- [WHAT YOU NEED TO DO] Although the data holds pictures, return only the lines from the one containing "Raclette-Grill Antiaderente 37cm" to the end, exactly, and without them.

- [SOURCE DATA]
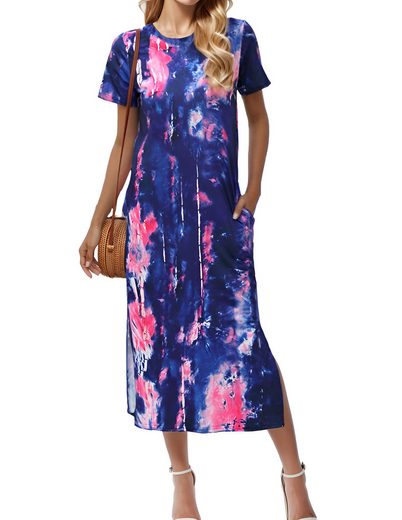 LUCKZON Sommerkleid Damen Maxikleid, geteilt, lässig, T-Shirt-Kleid mit Taschen Rundhalsausschnitt, kurze Ärmel, Sommerkleider mehr Kostenloser Versand international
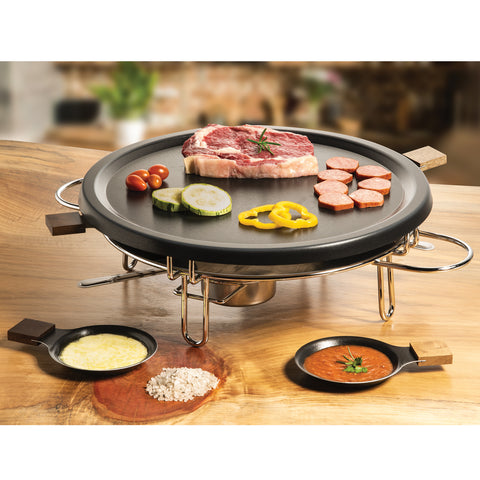 Raclette-Grill Antiaderente 37cm Racleteira Fondue Réchaud 9 Peças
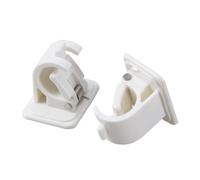 Sosoport Support Mural Adhésif pour Barre Ronde Crochet Double pour Tringles à Rideaux et Rideaux de Fixation sans Perçage pour Salle de Bain Lot de Clips Robustes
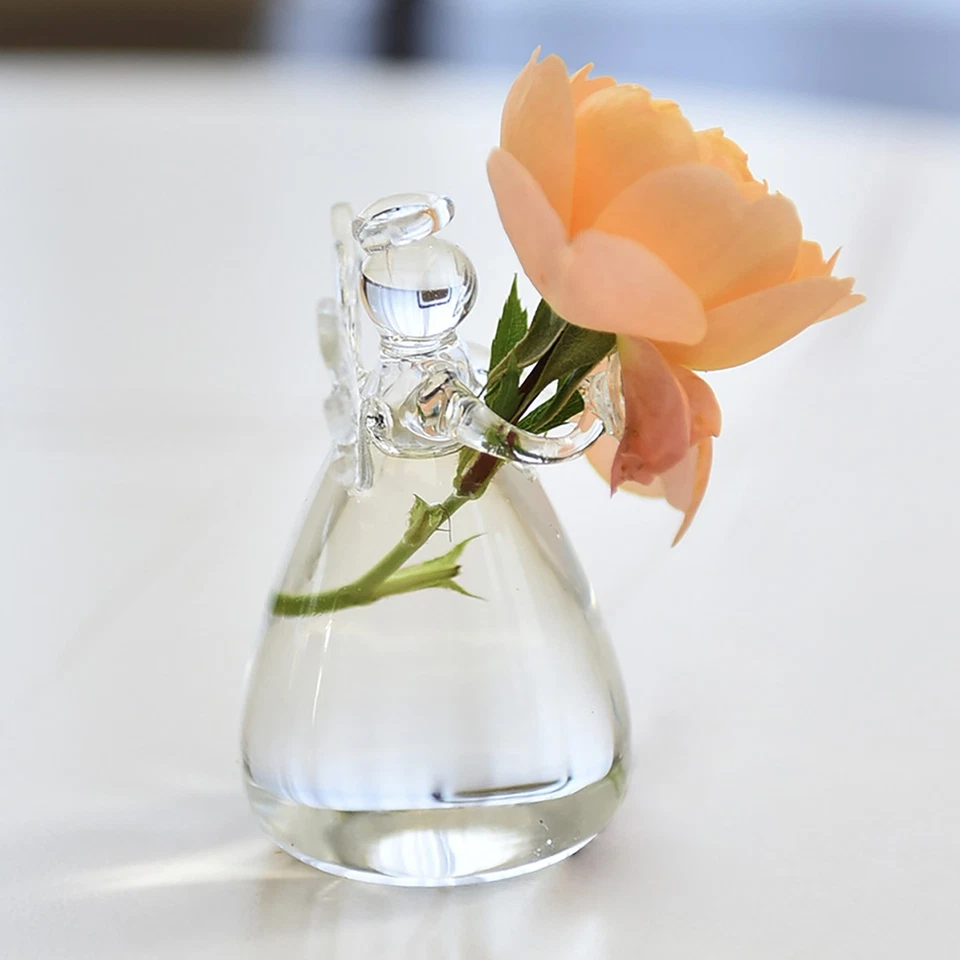 Jarrón de vidrio transparente con flores de ángel de la guarda jarrones con flores adornos de boda Foto 3 de 4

- [TASK OUTPUT]
 Raclette-Grill Antiaderente 37cm Racleteira Fondue Réchaud 9 Peças
 Sosoport Support Mural Adhésif pour Barre Ronde Crochet Double pour Tringles à Rideaux et Rideaux de Fixation sans Perçage pour Salle de Bain Lot de Clips Robustes
 Jarrón de vidrio transparente con flores de ángel de la guarda jarrones con flores adornos de boda Foto 3 de 4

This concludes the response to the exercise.